Pendant ce travail, Zheng He descendit à terre sur sa barge personnelle, qui était peinte, dorée, incrustée de joyaux et de mosaïques de porcelaine, à la proue ornée d’une statue d’or. Zheng descendit la passerelle, vêtu d’une robe d’or brodée de rouge et de bleu. Ses hommes avaient déroulé pour lui un tapis sur la plage, mais il s’en écarta pour aller observer le chargement de la nouvelle cargaison. Il était vraiment immense, aussi large que haut, et se balançait d’avant en arrière en marchant. Son visage carré n’était pas celui d’un Han ; et c’était un eunuque. Il était tout ce que les Abyssiniens disaient qu’il était. Bold l’observa du coin de l’œil et remarqua que Kyu le regardait aussi, dressé comme un cobra, oubliant son travail, les yeux rivés sur Zheng He. Un faucon guettant sa proie. Bold l’empoigna et le remit au travail.
— Allez, Kyu, on est compagnons de chaîne, ici. Tu avances ou je t’assomme et je te traîne par terre. Je ne veux pas avoir d’ennuis. Tara sait ce qui pourrait arriver à un esclave qui s’attirerait des histoires avec ces gens-là.
En quittant Calicut, ils mirent le cap vers le sud et Lanka. Là, les esclaves furent laissés à bord du bâtiment, pendant que les soldats descendaient à terre, où ils disparurent pendant plusieurs jours. Le comportement des officiers restés à bord faisait penser à Bold que le détachement était en campagne. Ne cessant de les épier, il constata qu’ils étaient de plus en plus nerveux au fur et à mesure que les jours passaient. Il n’avait pas idée de ce qu’ils feraient si Zheng He ne revenait pas, mais il ne pensait pas qu’ils lèveraient l’ancre. En fait, les artificiers s’activèrent fébrilement, étalant leurs ressources incendiaires, pendant que la barge de l’amiral et les autres vaisseaux revenaient toutes voiles dehors du port intérieur de Lanka, leurs hommes remontant à bord en poussant des cris triomphants. Ils s’étaient sortis d’une embuscade tendue dans l’intérieur des terres, racontaient-ils, et avaient capturé l’usurpateur local, ce traître qui leur avait tendu l’embuscade. Ils avaient également capturé le roi légitime, pour faire bonne mesure, bien qu’à ce stade l’histoire semblât assez confuse quant à savoir qui était qui, et pourquoi ils avaient déposé le roi légitime en même temps que l’usurpateur. Le plus stupéfiant, c’est qu’ils disaient que le roi légitime avait en sa possession la relique la plus sainte de l’île, une dent du Bouddha appelée le Dalada. Zheng éleva le petit reliquaire d’or pour montrer la prise de guerre à tout le monde. Une canine, apparemment. L’équipage, les passagers, les esclaves, tous se mirent à hurler à s’en arracher la gorge.
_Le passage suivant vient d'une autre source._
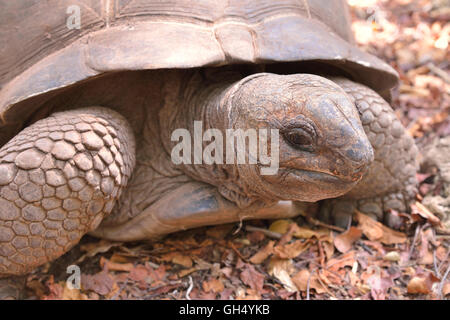 Zoologie / animaux, Reptiles (Reptilia), tortue géante d'Aldabra (Aldabrachelys gigantea) sur l'île ou l'île de Changuu Prison dans l'océan Indien, l'archipel de Zanzibar, Tanzanie, Afrique, Additional-Rights Clearance-Info-Not-Available- Banque D'Images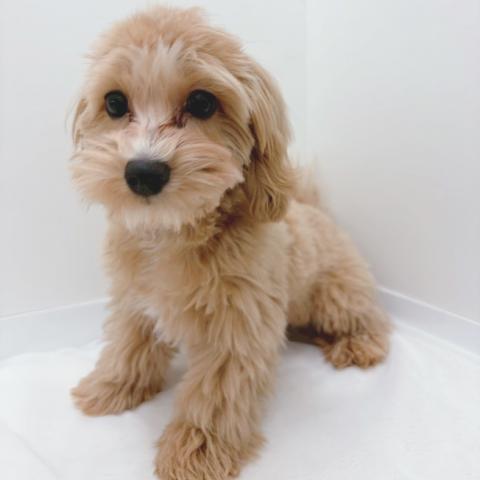 広島県のマルプー(マルチーズ×プードル) (ペットアミ 大竹店/2025年11月17日生まれ/男の子/アプリコット)の子犬の1枚目の画像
— C’est une immense chance, dit Bold à l’oreille de Kyu quand le bruit eut un peu diminué.
Il joignit les mains et récita le soutra de la Descente à Lanka.
En réalité, c’était un tel coup de chance que ça l’effrayait. Et il n’y avait aucun doute que la peur entrait pour une bonne part dans les hurlements de l’équipage. Le Bouddha avait béni Lanka, c’était dorénavant un endroit à part. Une branche de l’arbre pipal poussait dans son sol, et ses larmes minéralisées coulaient encore sur les flancs de la montagne sacrée qui se dressait au centre de l’île ; la même que celle au sommet de laquelle se trouvait une empreinte de pied d’Adam. Il n’était sûrement pas bien d’enlever le Dalada de sa place légitime, qui était cette terre sacrée. Cet acte relevait indéniablement du blasphème.